Divergence transition visualization

Hi, I’m trying to use plots to diagnose the divergence transition problem, but I have thousands of parameters, is there an efficient way to plot the trace plot or other necessary plots? Currently, I’m plotting 10 parameters each time and it will take forever to plot all. Thanks!

instead of plots look at the summary stats - which parameters have bad R-hat values?

Thank you!
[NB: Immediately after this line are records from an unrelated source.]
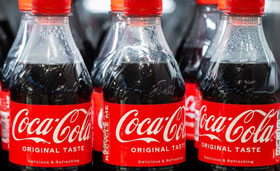 Fake Coke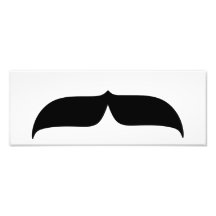 Bigode preto fotografias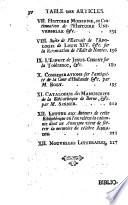 Bibliothèque des sciences et des beaux arts ...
I just checked the summary stats and I have only three parameters that have rhat larger than 1.1, but I have 1673 divergent transitions when running 4000 iterations for three chains, is this usual?

no, that is not usual.

have you looked at the Stan User’s Guide? the relevant chapters are: https://mc-stan.org/docs/2_24/stan-users-guide/problematic-posteriors-chapter.html and https://mc-stan.org/docs/2_24/stan-users-guide/change-of-variables-chapter.html

There are some useful visual diagnostics in the Bayesplot package. I’ve found mcmc_parcoord to be particularly helpful (particularly when added to coord_flip(), so that you can easily see more parameters).

3 Likes

Thanks for the links! If I have only three parameters that have rhat larger than 1.1, I shouldn’t have 1673 this many divergent transitions, right?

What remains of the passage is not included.